### Task brief:
Images excluded, return every record exactly as it reads.

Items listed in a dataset
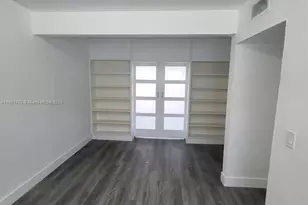 7435 Byron Ave, Miami Beach, FL 33141 - Photo 9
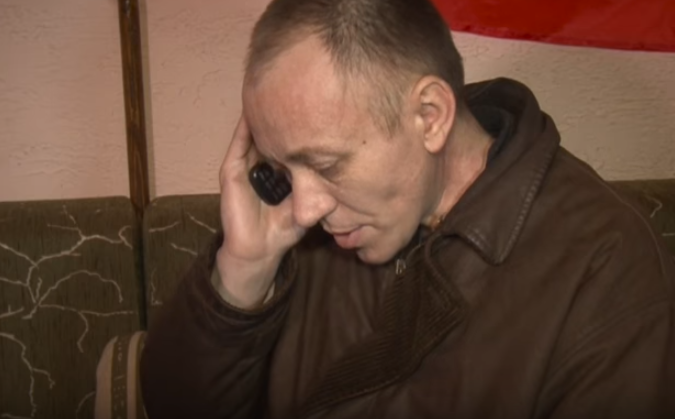 Впервые за долгое время украинские военнопленные в "ЛНР" поговорили с родными - СМИ показали сюжет о незаконно арестованных - кадры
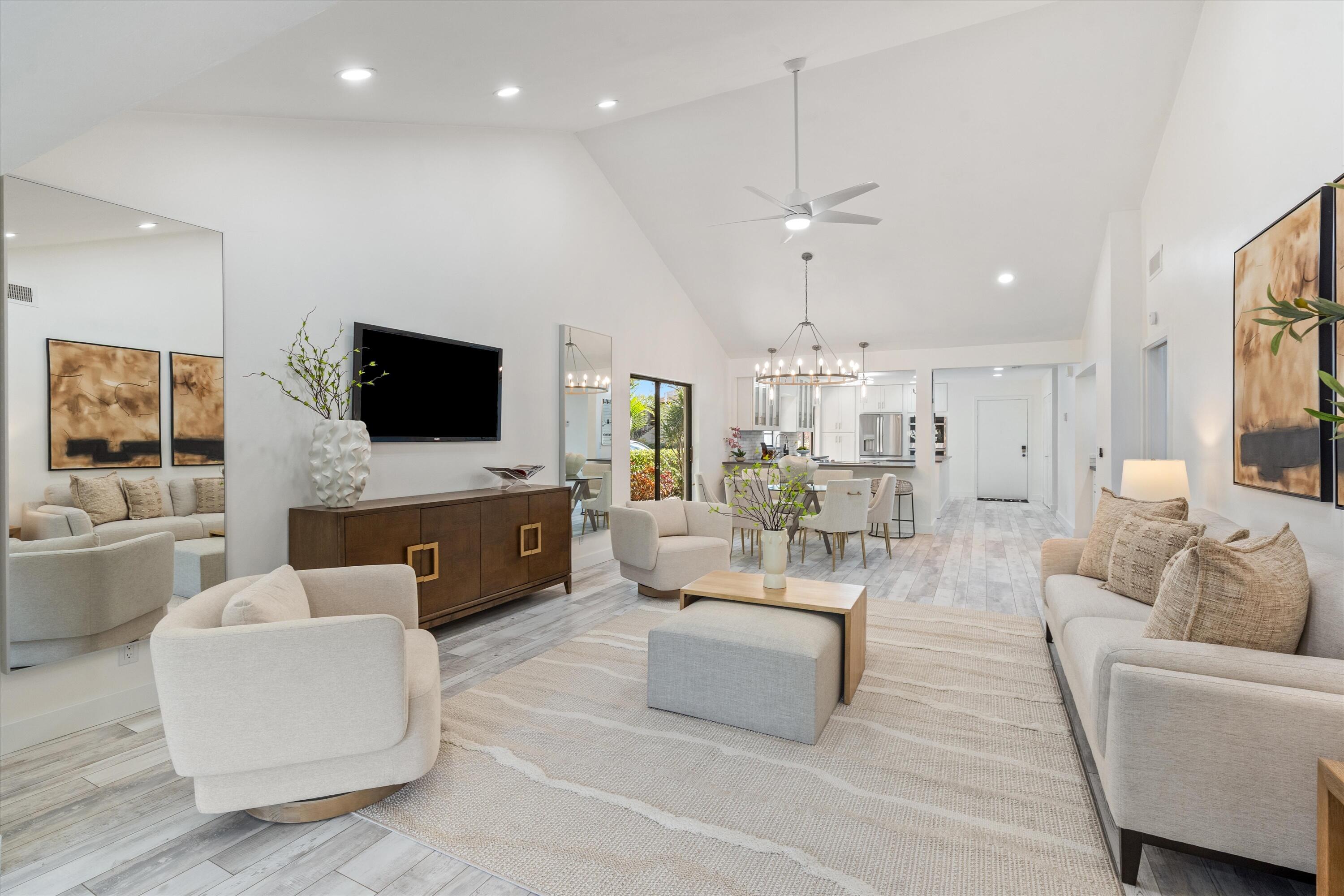 9207 Pecky Cypress Lane, Unit 9B Boca Raton, FL 33428 - Photo 7 of 29 Living Room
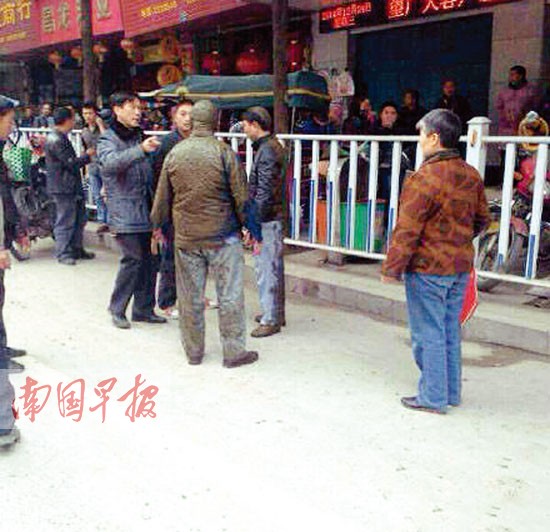 河池：吸污车“张口”喷粪 商铺路人不幸中招(图)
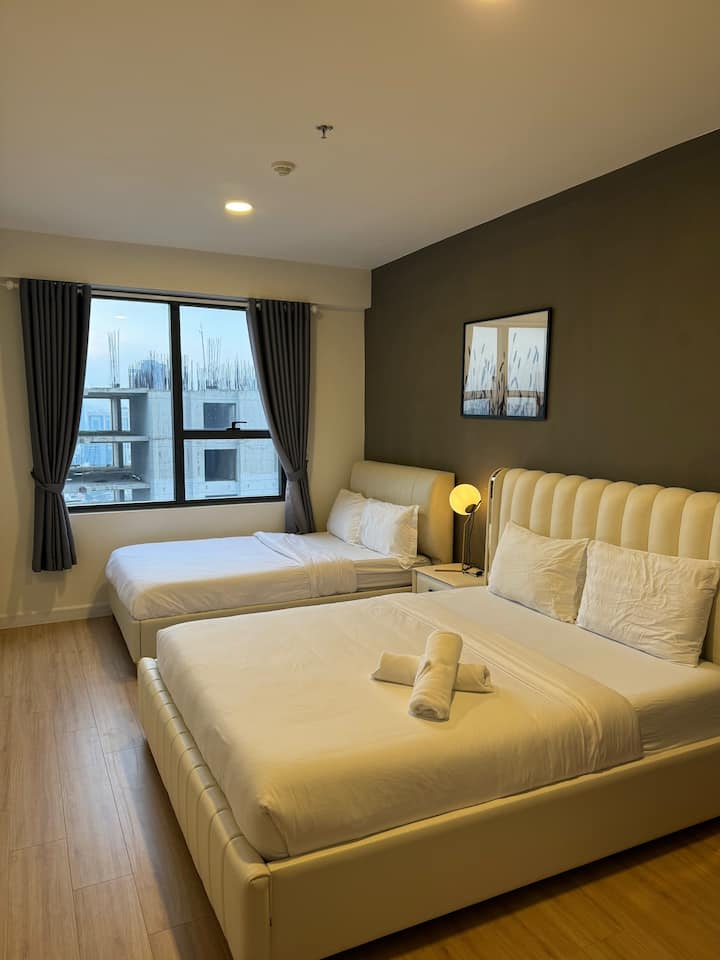 Kitanda 1 cha ukubwa wa queen na kitanda kimoja cha watu wawili chenye godoro nene la sponji, mito ya gel na mashuka ya ubora wa hoteli. Inafaa kwa usingizi mzuri wa usiku
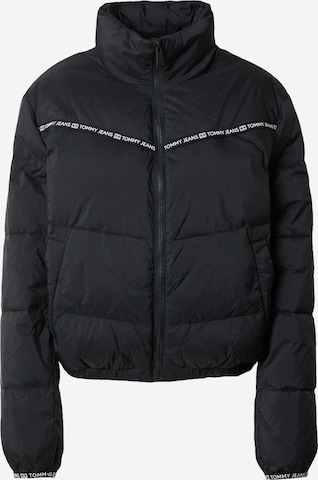 Tommy Jeans Jacke in Schwarz: predná strana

### Exercise answer:
 7435 Byron Ave, Miami Beach, FL 33141 - Photo 9
 Впервые за долгое время украинские военнопленные в "ЛНР" поговорили с родными - СМИ показали сюжет о незаконно арестованных - кадры
 9207 Pecky Cypress Lane, Unit 9B Boca Raton, FL 33428 - Photo 7 of 29 Living Room
 河池：吸污车“张口”喷粪 商铺路人不幸中招(图)
 Kitanda 1 cha ukubwa wa queen na kitanda kimoja cha watu wawili chenye godoro nene la sponji, mito ya gel na mashuka ya ubora wa hoteli. Inafaa kwa usingizi mzuri wa usiku
 Tommy Jeans Jacke in Schwarz: predná strana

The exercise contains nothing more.